What you have to do:
Reproduce the records below exactly from their first line through the line containing "The units are", omitting all pictures.

-=-=-=-=-

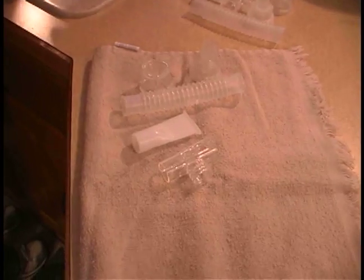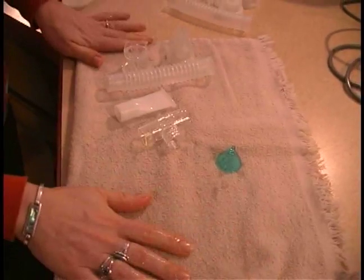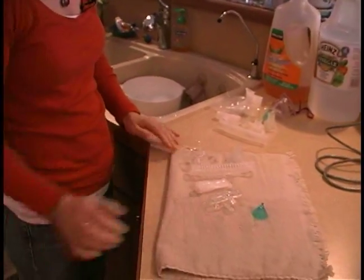Again, this is all part of what's touching the medicine going into the lungs, so we want to make sure that it stays clean. Don't put any of it together until everything is fully dry — just let it sit out there to dry.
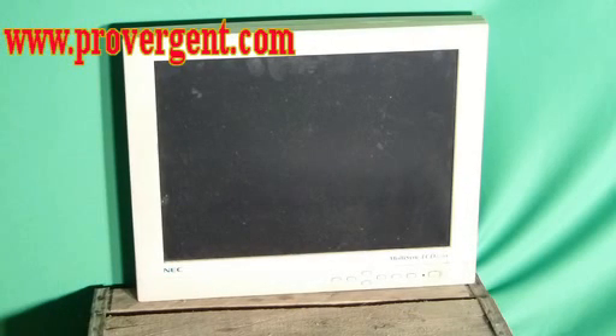The first thing we needed was a monitor. I saved this 15-inch LCD NEC model. It looks kind of grubby right now, but we'll clean it up a little later. Plugged it in and it works.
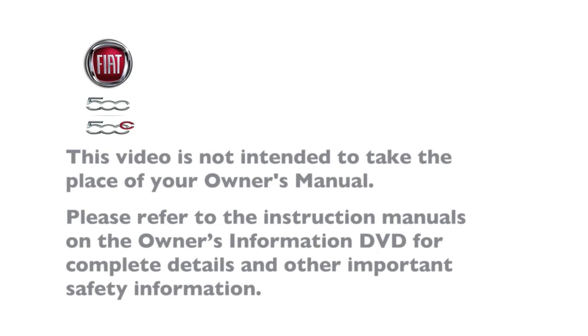Please refer to the instruction manuals on the Owner's Information DVD for complete details and other important safety information.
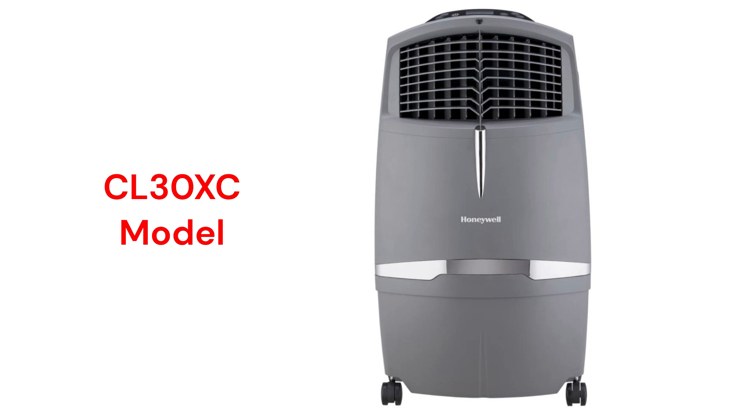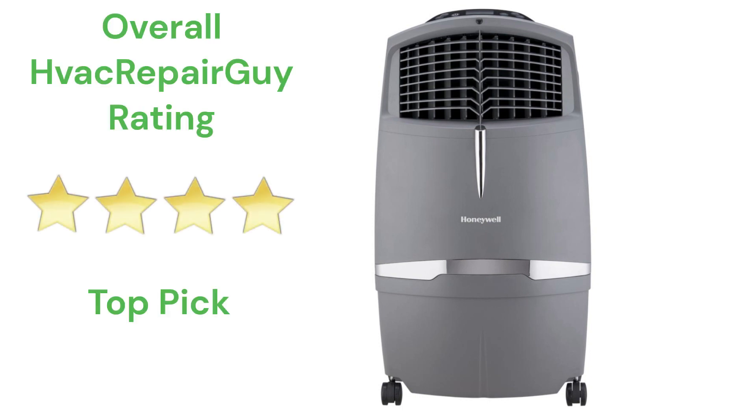The units are somewhat noisy on high speed with a rating above that of normal adult conversation. This brand receives an overall 4-star top pick rating from HVAC Repair Guy. Please share your experiences with this brand in the comments section of the HVAC Repair Guy YouTube channel.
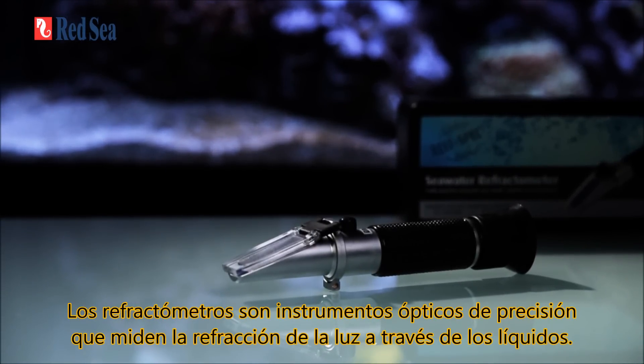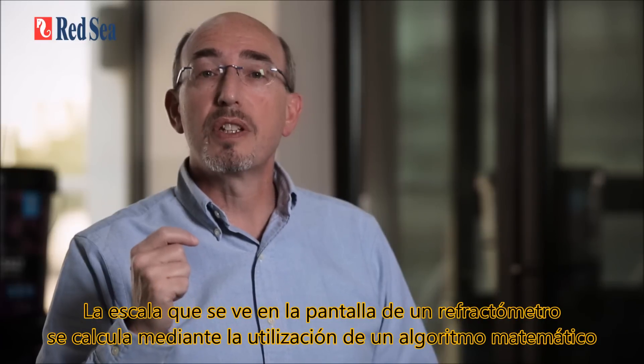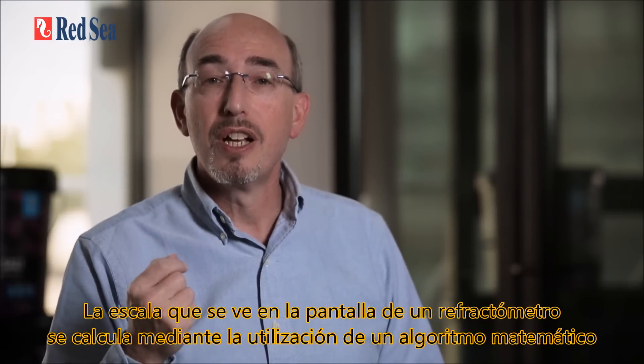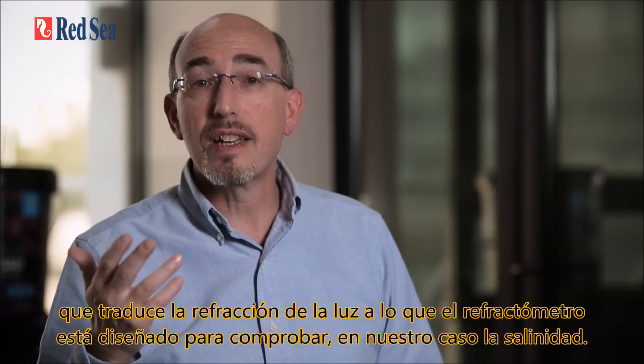Refractometers are precision optical instruments that measure the refraction of light through liquids. The scale seen on the screen of a refractometer is calculated using a mathematical algorithm that translates the refraction of the light through whatever the refractometer is designed to test — in our case, salinity.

-=-=-=-=-

Exercise response:
Again, this is all part of what's touching the medicine going into the lungs, so we want to make sure that it stays clean. Don't put any of it together until everything is fully dry — just let it sit out there to dry.
The first thing we needed was a monitor. I saved this 15-inch LCD NEC model. It looks kind of grubby right now, but we'll clean it up a little later. Plugged it in and it works.
Please refer to the instruction manuals on the Owner's Information DVD for complete details and other important safety information.
The units are somewhat noisy on high speed with a rating above that of normal adult conversation. This brand receives an overall 4-star top pick rating from HVAC Repair Guy. Please share your experiences with this brand in the comments section of the HVAC Repair Guy YouTube channel.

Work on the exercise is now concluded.